Saad bin Laden
, better known as Saad bin Laden, was one of Osama bin Laden's sons. While it was alleged by western sources that he was active in al-Qaeda, and was being groomed to be his heir apparent, these claims have been thoroughly debunked by later information which has emerged, as detailed below, of his incapability to do so, as he was killed in an American drone strike in 2009.
Life
Born in 1979 in Jeddah, to the wealthy Bin Laden family. His paternal grandmother is a Syrian national called Hamida al-Attas. An irrepressible chatterbox who sometimes blurted out intimate personal information, Saad was somewhat autistic, impulsive, unrestrained, anxious, easily confused, and thus completely unfit for clandestine action. With all of Osama's other children, Saad accompanied Osama on his exile to Sudan from 1991 to 1996, and then to Afghanistan.
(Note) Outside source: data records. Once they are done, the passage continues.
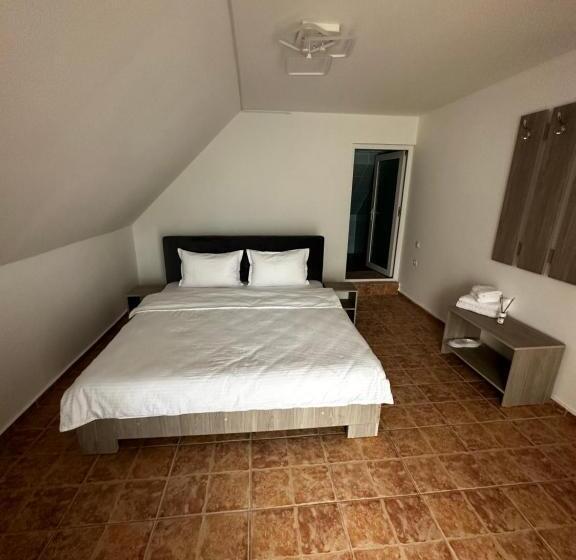 Pensiunea Fellycia & Janett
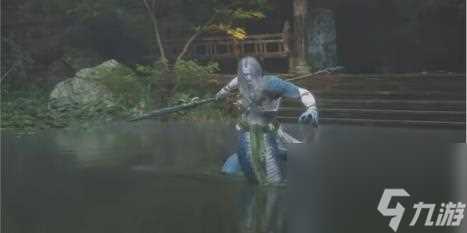 黑神话 悟空广谋下一个头目详细介绍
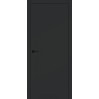 Bonetti RAL 7016 антрацит фарбовані глухі
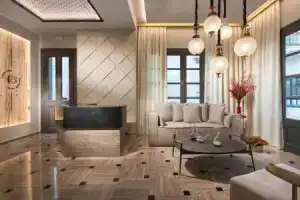 Carpe Diem Boutique Hotel, Нафплион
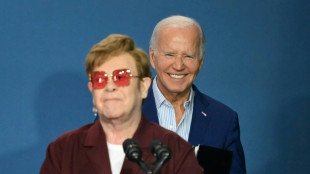 Joe Biden und Elton John eröffnen zum "Stonewall"-Jahrestag LGBTQ-Museum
In Sudan in 1998, he married Wafa', a Sudanese woman born of Yemeni parents.In November 2001, Saad was sent away by his father with his father's three wives who were still with him and his younger children. In March 2002, they made their way into Iran at Zabol. As stated by Cathy Scott-Clark and Adrian Levy, “As the oldest son present, Saad was nominally head of the Bin Laden family party, but given his mental issues his aunt, Osama’s wife Khairiah, took charge.” Saad was erroneously blamed for the bombing of a Tunisian synagogue on April 11, 2002 and then allegedly implicated in the May 12, 2003, suicide bombing in Riyadh, and the Morocco bombing four days later, all of which was impossible as he was neither personally able to order or command anything, and he was also held in Iran, mostly in prison-like conditions, for almost six and a half years, from March 2002 to August 2008. Saad escaped from Iran in August 2008 and fled to Pakistan, where he wandered haplessly for eleven months hoping to find his father, who, however, did not want him to come, for fear he would reveal his hiding place. He was able to communicate with his brother Khalid, but he was not invited to proceed to Abbottabad. Nevertheless, in letters Saad did express his support for his father and his project.